DATA.
---*---
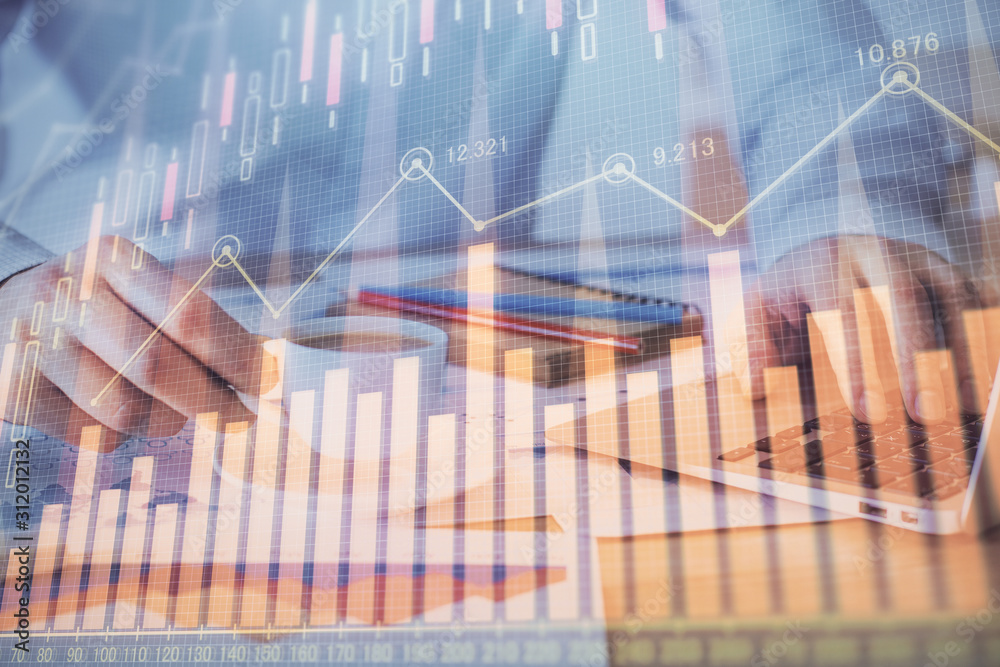 Forex graph with businessman working on computer in office on background. Concept of hardworking. Double exposure. Forex graph with businessman working on computer in office on background. Concept of hardworking. Double exposure.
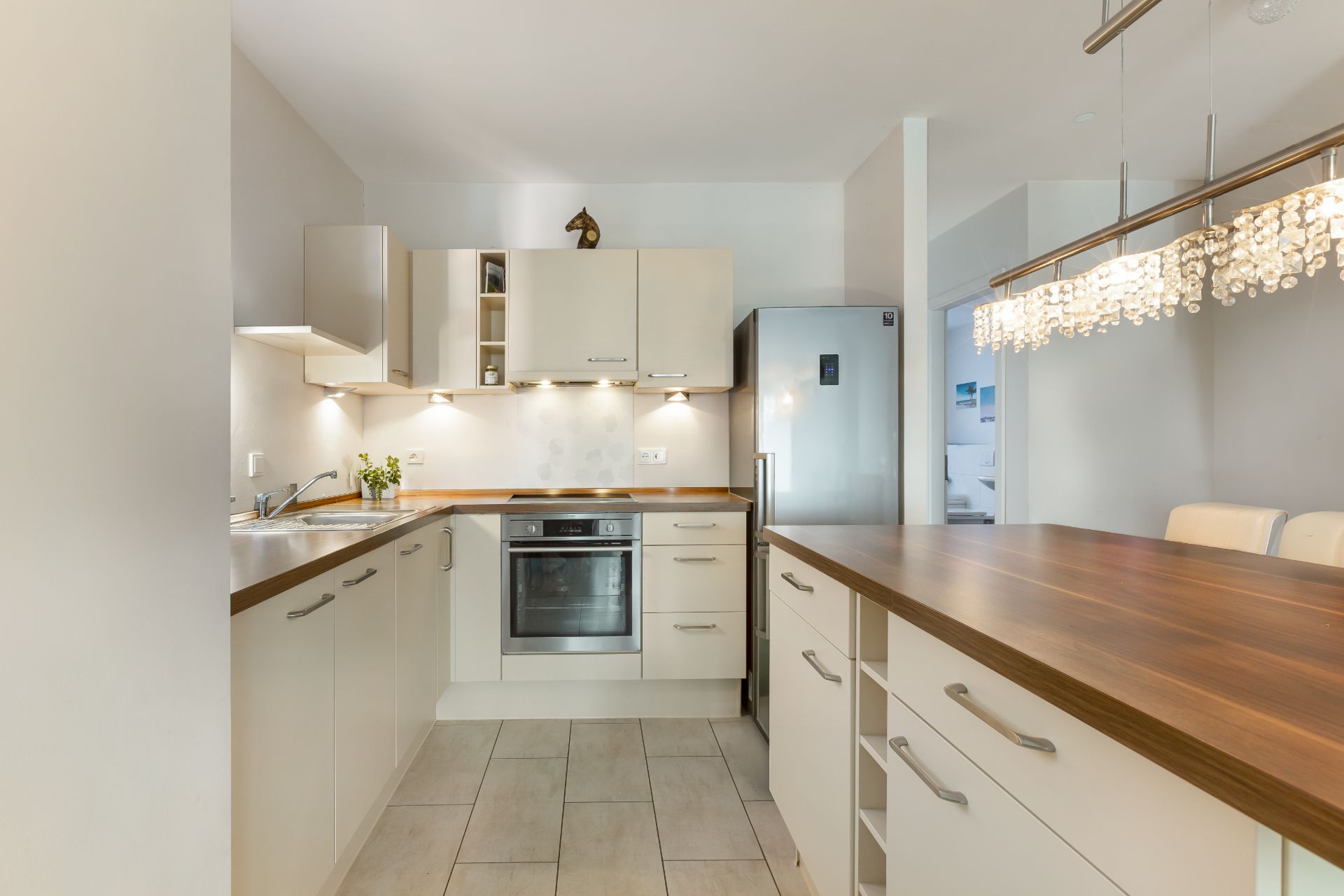 Moderne Einbauküche mit Holzarbeitsplatten, Herd, Spüle und Kühlschrank.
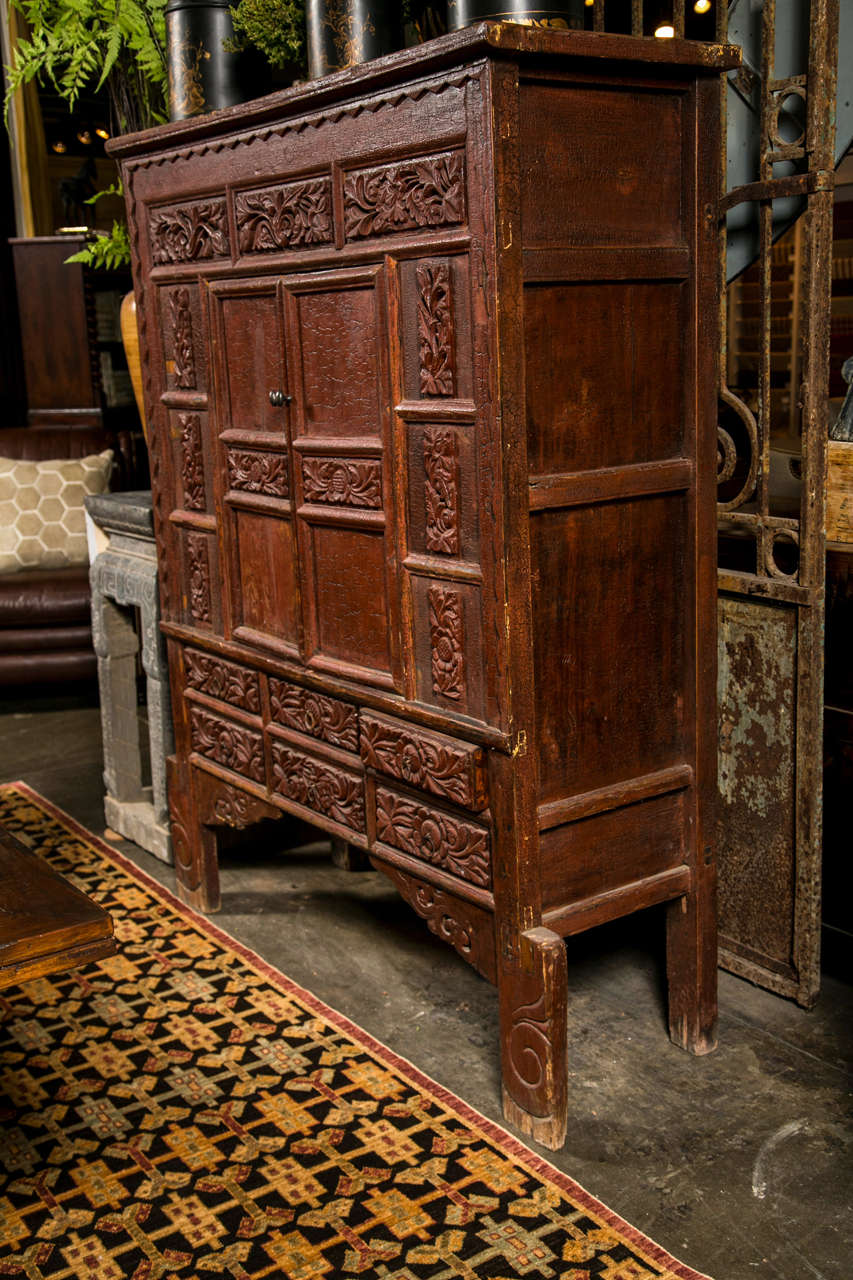 19th c. Shanxi region lacquered cabinet, c. 1850-80 in old red/brown lacquer, now worn to a warm patina, with floral carved panels and drawer fronts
---*---
EXERCISE GOAL.
Type out the data above again exactly as written, minus the images.

WRITTEN RESPONSE.
 Forex graph with businessman working on computer in office on background. Concept of hardworking. Double exposure. Forex graph with businessman working on computer in office on background. Concept of hardworking. Double exposure.
 Moderne Einbauküche mit Holzarbeitsplatten, Herd, Spüle und Kühlschrank.
 19th c. Shanxi region lacquered cabinet, c. 1850-80 in old red/brown lacquer, now worn to a warm patina, with floral carved panels and drawer fronts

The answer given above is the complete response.